It's All about Height

by Doc Searls

I based my visit to New York City to check out the NYCwireless project and the state of Wi-Fi in NYC [see the September issue of Linux Journal] out of Britt Blaser's apartment, not far below the penthouse level of a high-rise at the corner of 43rd Street and 2nd Avenue in midtown Manhattan.

Britt's apartment has one of the best views in town. To the East, it squarely faces the United Nations building, which looms over the East River like one of those upright slabs from the movie 2001. To the UN's south is Tudor City, an ornate apartment complex built in the 1920s. Remember the Gothic rooftop home of Norman Osborne (played by Willem Dafoe) in Spider-Man? That location is one of four similar "mansions" (each a clever cover for water tanks, elevator pulleys and other rooftop uglies) that sit atop Tudor City's apartment buildings like castles on mountains. Britt's place looks down on all of them, plus the pretty little park in their midst. To the west are two of New York's tallest skyscrapers: the Chrysler Building and the Conde Nast Building, labeled 4 Times Square.

Height has value in New York. That goes for high frequency broadcasting even more than for real estate. All the highest buildings bristle with antennas. Topping the beautiful old Chanin Building nearby on 42nd street are two FM broadcast antennas: an ancient six-bay mast of horizontal clover-leafs that once radiated WQXR, the Classical FM station of the New York Times and a new two-bay antenna that is probably the auxiliary for WQXR or some other station.

The need for auxiliary transmitter sites was brought home when nearly all of New York's TV and a third of its FM stations were destroyed in the 9/11 attack.
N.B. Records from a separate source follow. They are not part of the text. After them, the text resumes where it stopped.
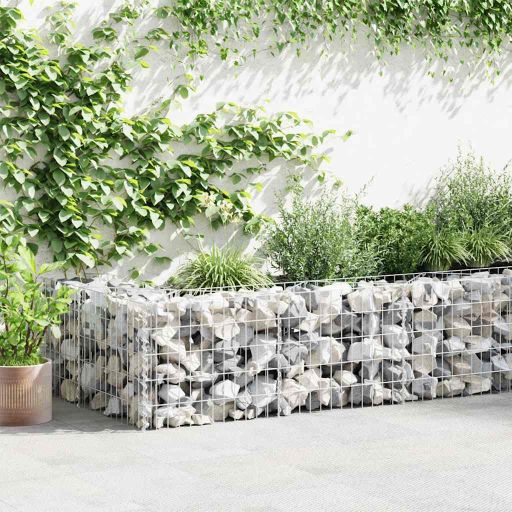 vidaXL Gabion Wall with Lids 20x20x100 cm Galvanized Steel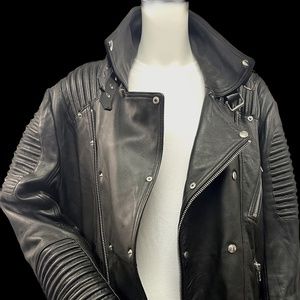 Mens XL Biker Style Leather Coat Mason & Cooper New York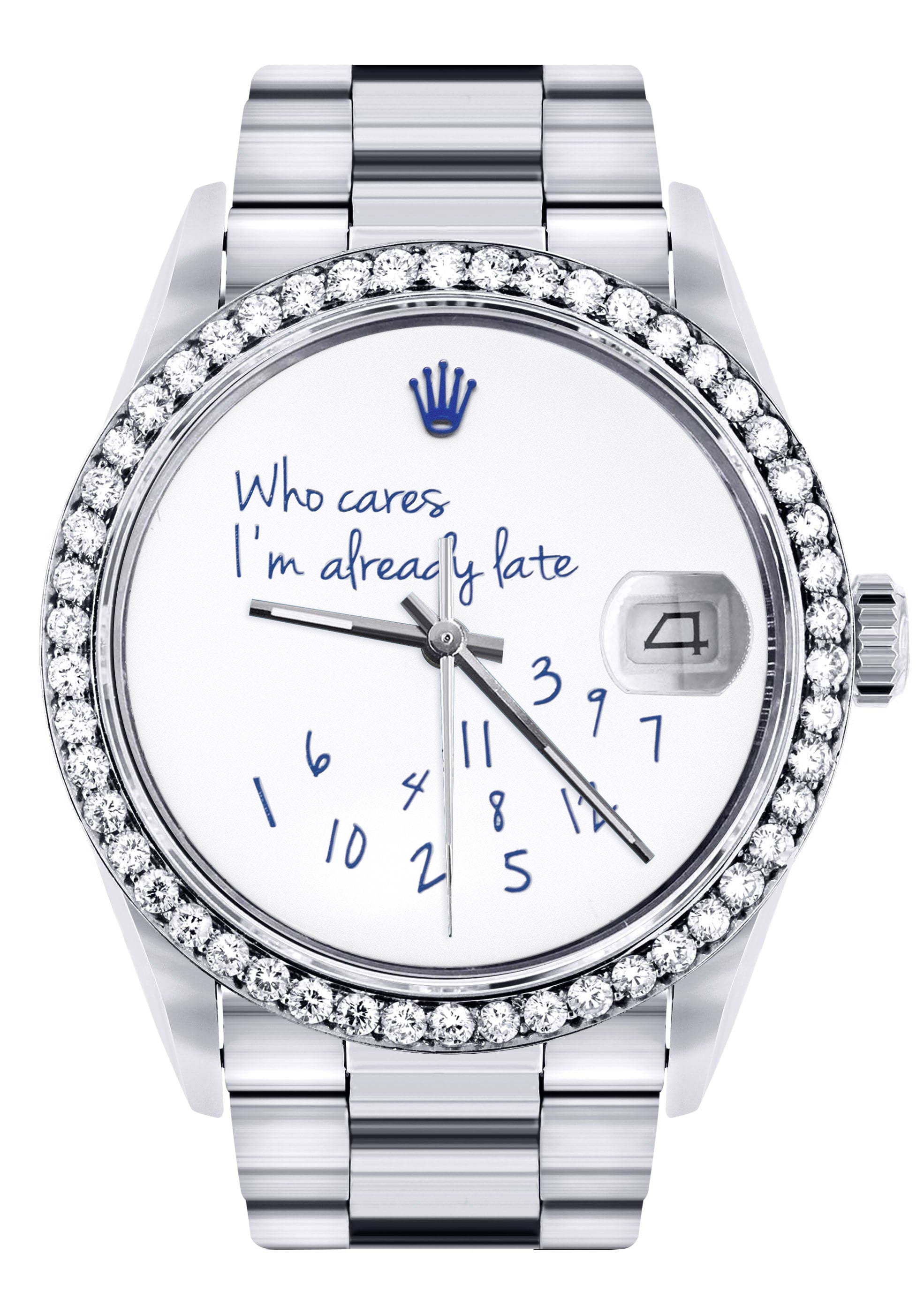 Diamond Mens Rolex Datejust Watch 16200 36Mm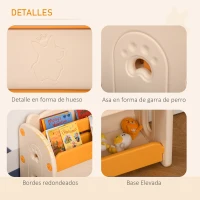 HOMCOM Estantería infantil de Juguetes Librería para Niños con 2 Estantes y Compartimento con Tapa Abatible para Habitación Carga 20 kg 70x33x62,5 cm Amarillo(m-6)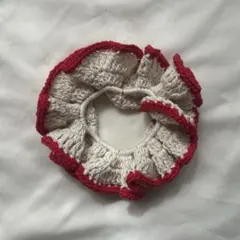 フリルシュシュ　ハンドメイド　赤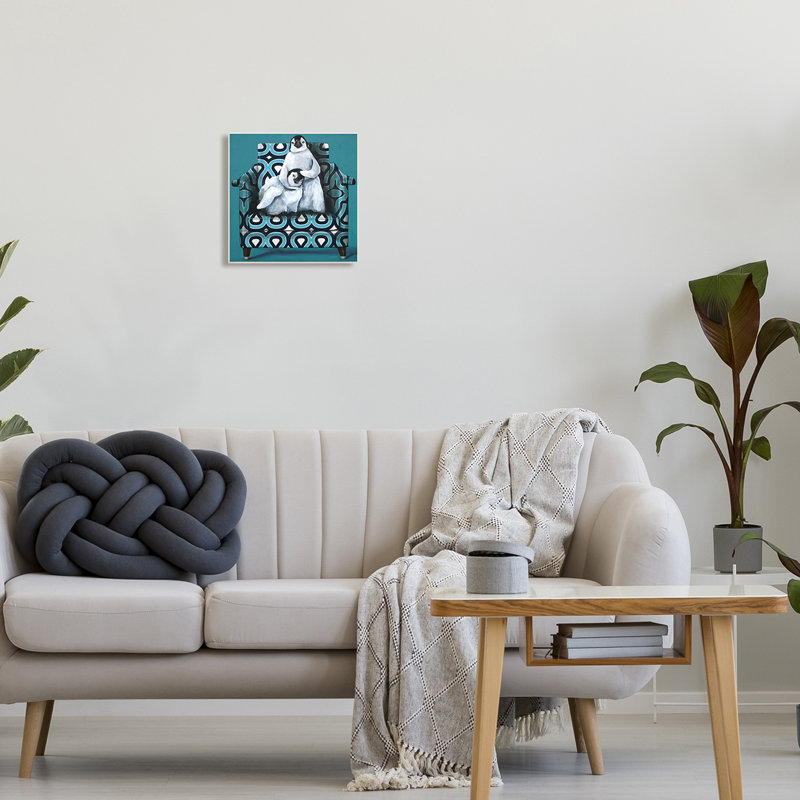 Paire de pingouins à tête relaxante à motif de canapé, art mural par Kamdon Kreations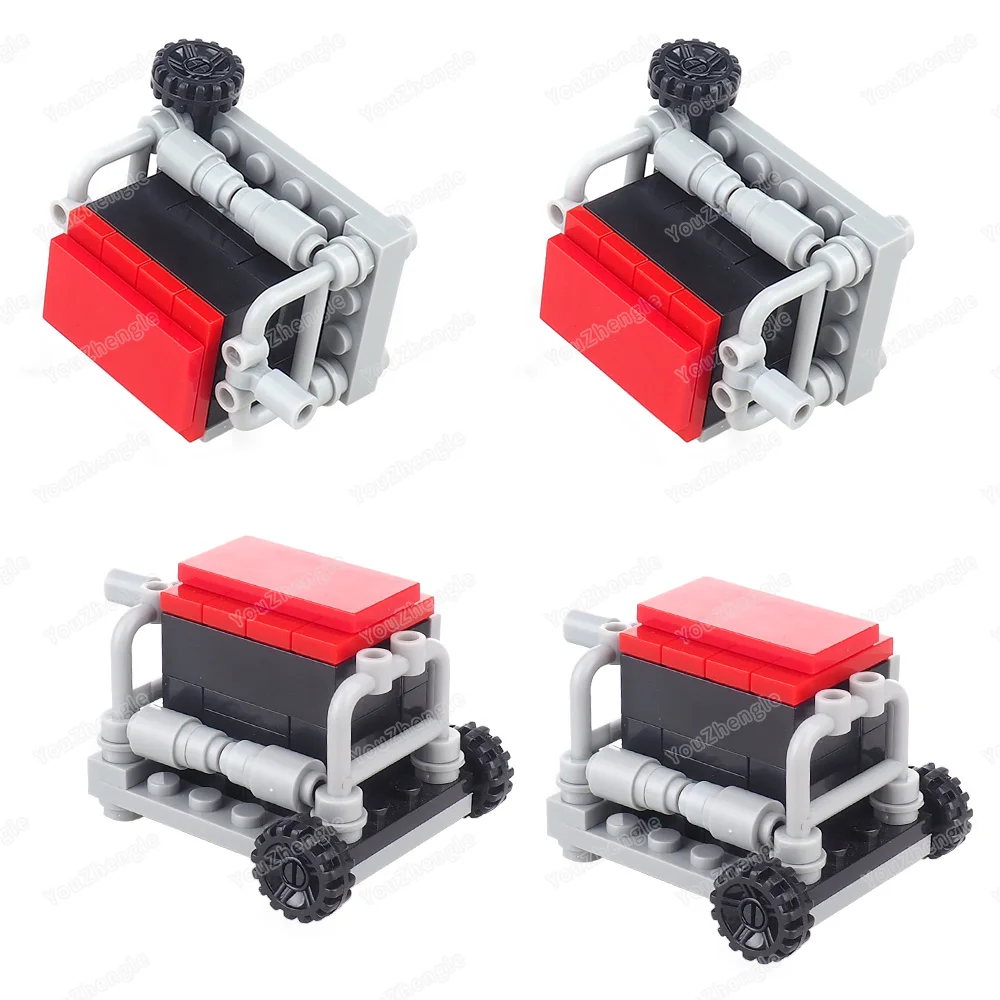 Generatore meccanico nero Building Block MOC Figure Conversione di energia all'attrezzatura elettrica Scena Mini modello Regali Giocattoli per ragazzi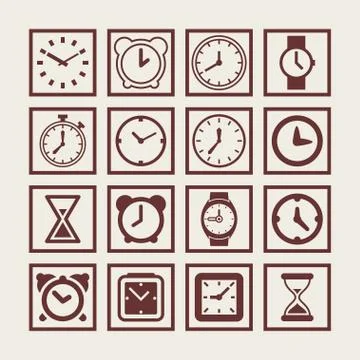 Clock icons Stock Illustration
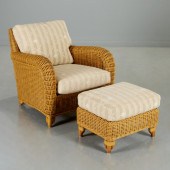 DONGHIA WICKER CLUB CHAIR AND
All of them radiated from one big mast on the North Tower. It was the last piece to hit the ground.

The problem still isn't solved. During my trip, major construction was happening on the top of the Conde Nast building, where workers with cranes were raising the new broadcast tower that will carry the signals of FM stations whose transmitters were lost nearly three years ago. The project is taking a long time because the Empire State Building already is overburdened with TV and FM antennas, including new digital HDTV antennas also lost on 9/11. No engineer wants his station's signal shadowed by higher buildings.

The gargantuan cost and effort required to continue serving brute-force analog radio to increasingly disinterested citizens provided an ironic contrast to the grass-roots Wi-Fi movement carried out by those citizens in the streets and parks below.

As an old broadcast engineer and ham radio guy (from waaay back), I couldn't wait to take advantage of Britt's high-rise to see if we could provide Wi-Fi service to Tudor City's park, half a block away. But the results were disappointing. Yes, we could deliver a barely useful signal to one side of the park, but only when Britt hung his Linksys WAP-11 outside the window.

Thus began my acquaintance with the engineering facts of Wi-Fi life. I had to start by throwing much of what I knew about broadcasting out the window.